● Task:
Each line from the one containing "vaschetta acqua tergicristalli" to the end of the entries below must be restated exactly, and no other line should appear.

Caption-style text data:
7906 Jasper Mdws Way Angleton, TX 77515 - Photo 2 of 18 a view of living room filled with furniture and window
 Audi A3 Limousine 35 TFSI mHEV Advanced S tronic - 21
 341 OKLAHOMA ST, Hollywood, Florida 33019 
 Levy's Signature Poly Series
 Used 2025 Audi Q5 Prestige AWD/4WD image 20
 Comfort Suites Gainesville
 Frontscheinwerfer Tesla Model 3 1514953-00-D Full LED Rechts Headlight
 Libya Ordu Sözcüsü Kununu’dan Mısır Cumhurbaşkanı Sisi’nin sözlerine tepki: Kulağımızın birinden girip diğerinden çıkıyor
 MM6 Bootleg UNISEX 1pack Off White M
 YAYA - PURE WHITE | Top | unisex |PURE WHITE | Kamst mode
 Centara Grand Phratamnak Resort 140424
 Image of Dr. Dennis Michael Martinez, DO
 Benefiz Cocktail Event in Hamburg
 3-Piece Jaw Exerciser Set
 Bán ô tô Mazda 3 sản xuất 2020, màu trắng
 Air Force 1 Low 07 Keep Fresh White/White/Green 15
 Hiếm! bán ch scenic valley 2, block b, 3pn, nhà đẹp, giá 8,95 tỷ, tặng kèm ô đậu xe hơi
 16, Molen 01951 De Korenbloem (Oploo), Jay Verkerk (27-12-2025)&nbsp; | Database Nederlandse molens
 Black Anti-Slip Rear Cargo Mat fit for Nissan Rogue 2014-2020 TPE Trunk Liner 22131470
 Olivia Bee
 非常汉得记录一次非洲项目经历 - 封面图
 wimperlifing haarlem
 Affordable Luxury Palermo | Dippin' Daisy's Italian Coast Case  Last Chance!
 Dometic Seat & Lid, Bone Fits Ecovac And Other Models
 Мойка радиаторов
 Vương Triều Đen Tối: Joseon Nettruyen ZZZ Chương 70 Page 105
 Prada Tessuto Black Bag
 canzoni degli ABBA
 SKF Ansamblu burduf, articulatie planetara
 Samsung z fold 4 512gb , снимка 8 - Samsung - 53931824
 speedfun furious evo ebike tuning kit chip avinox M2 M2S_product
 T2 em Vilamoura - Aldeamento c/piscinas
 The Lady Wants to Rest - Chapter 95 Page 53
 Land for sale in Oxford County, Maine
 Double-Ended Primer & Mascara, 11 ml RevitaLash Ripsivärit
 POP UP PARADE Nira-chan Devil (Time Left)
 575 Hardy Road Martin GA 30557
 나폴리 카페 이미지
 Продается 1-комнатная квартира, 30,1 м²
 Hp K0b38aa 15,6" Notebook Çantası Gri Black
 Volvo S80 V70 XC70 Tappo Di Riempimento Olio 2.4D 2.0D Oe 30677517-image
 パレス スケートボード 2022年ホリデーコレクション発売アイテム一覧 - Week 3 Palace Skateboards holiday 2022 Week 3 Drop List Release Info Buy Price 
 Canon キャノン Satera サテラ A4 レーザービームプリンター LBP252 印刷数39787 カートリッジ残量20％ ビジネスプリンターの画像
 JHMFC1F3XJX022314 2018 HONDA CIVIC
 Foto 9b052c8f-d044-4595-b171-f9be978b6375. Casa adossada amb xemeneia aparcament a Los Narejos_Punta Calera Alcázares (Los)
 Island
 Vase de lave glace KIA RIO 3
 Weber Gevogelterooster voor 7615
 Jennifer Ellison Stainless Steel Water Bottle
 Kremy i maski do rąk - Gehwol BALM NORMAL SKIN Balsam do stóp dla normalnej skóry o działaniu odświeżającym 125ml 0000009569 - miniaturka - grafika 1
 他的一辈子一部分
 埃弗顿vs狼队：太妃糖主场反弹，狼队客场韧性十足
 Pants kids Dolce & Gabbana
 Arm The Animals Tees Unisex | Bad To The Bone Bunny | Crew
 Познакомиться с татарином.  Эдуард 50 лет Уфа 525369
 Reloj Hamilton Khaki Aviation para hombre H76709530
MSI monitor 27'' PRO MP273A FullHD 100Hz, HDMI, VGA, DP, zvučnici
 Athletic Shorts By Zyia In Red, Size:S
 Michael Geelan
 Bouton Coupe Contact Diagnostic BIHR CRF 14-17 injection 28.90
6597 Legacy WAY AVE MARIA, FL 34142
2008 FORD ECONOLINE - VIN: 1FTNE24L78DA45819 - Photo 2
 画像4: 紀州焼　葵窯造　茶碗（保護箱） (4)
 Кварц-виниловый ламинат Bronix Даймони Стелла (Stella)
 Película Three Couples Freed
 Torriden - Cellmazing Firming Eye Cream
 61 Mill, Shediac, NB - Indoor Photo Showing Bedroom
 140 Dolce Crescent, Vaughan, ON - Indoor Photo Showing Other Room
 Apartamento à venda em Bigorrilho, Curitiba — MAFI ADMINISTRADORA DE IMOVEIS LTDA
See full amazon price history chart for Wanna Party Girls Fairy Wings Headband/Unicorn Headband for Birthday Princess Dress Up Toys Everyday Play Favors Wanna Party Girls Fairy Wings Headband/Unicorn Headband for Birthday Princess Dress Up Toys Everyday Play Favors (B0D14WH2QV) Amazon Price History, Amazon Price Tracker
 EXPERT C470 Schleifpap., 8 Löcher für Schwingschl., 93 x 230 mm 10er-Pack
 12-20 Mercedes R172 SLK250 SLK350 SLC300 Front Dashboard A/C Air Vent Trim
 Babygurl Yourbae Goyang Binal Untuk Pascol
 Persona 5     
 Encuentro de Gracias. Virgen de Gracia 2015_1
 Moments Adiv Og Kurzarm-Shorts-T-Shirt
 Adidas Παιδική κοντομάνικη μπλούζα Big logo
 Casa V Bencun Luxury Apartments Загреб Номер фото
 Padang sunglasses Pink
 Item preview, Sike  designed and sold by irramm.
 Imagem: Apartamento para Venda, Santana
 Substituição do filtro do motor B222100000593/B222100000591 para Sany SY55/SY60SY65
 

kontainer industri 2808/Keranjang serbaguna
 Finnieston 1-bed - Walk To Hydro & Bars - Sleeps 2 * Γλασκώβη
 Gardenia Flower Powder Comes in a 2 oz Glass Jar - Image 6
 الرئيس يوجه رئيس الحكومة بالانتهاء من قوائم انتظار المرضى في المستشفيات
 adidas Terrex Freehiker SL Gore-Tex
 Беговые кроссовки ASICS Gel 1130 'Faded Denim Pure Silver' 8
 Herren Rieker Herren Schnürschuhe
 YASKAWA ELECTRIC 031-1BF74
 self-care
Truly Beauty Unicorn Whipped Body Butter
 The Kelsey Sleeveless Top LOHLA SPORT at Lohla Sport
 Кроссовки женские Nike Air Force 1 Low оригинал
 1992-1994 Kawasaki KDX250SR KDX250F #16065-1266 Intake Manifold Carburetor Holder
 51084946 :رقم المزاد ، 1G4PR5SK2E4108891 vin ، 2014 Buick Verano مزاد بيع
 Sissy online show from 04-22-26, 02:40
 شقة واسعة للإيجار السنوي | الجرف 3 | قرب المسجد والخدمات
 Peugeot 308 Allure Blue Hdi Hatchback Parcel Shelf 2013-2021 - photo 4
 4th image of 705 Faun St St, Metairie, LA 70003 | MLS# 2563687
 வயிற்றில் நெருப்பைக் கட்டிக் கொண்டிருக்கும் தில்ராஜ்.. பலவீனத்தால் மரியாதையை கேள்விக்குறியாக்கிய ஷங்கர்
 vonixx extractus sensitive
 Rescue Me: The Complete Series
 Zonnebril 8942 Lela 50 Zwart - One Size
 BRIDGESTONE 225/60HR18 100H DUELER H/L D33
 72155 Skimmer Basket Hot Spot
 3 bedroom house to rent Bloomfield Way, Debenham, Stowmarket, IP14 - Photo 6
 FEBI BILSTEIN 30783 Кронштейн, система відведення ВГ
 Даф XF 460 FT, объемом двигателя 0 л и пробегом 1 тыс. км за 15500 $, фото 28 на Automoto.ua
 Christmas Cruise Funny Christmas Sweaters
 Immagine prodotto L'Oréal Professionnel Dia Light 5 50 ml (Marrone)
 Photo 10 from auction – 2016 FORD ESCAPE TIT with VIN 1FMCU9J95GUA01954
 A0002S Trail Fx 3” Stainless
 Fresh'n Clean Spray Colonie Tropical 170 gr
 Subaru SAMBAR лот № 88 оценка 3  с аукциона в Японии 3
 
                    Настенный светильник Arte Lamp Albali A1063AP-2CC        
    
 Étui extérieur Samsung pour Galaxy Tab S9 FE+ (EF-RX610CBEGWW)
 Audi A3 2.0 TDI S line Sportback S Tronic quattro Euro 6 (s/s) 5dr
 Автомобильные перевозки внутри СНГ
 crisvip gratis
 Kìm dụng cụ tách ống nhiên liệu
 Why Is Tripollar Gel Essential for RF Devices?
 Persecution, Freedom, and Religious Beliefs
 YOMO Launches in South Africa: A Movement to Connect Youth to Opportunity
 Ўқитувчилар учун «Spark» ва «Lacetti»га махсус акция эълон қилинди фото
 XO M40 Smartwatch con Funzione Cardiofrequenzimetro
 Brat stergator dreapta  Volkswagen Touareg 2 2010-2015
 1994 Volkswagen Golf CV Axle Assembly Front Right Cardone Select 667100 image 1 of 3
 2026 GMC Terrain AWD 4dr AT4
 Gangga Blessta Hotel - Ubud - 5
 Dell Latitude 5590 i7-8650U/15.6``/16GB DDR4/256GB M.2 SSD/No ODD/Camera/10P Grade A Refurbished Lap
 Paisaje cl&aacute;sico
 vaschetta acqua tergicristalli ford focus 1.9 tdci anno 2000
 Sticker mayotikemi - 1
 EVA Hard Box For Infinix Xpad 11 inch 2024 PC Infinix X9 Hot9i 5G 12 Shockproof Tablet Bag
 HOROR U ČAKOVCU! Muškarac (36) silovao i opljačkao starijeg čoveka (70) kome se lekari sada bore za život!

● Output of the task:
 vaschetta acqua tergicristalli ford focus 1.9 tdci anno 2000
 Sticker mayotikemi - 1
 EVA Hard Box For Infinix Xpad 11 inch 2024 PC Infinix X9 Hot9i 5G 12 Shockproof Tablet Bag
 HOROR U ČAKOVCU! Muškarac (36) silovao i opljačkao starijeg čoveka (70) kome se lekari sada bore za život!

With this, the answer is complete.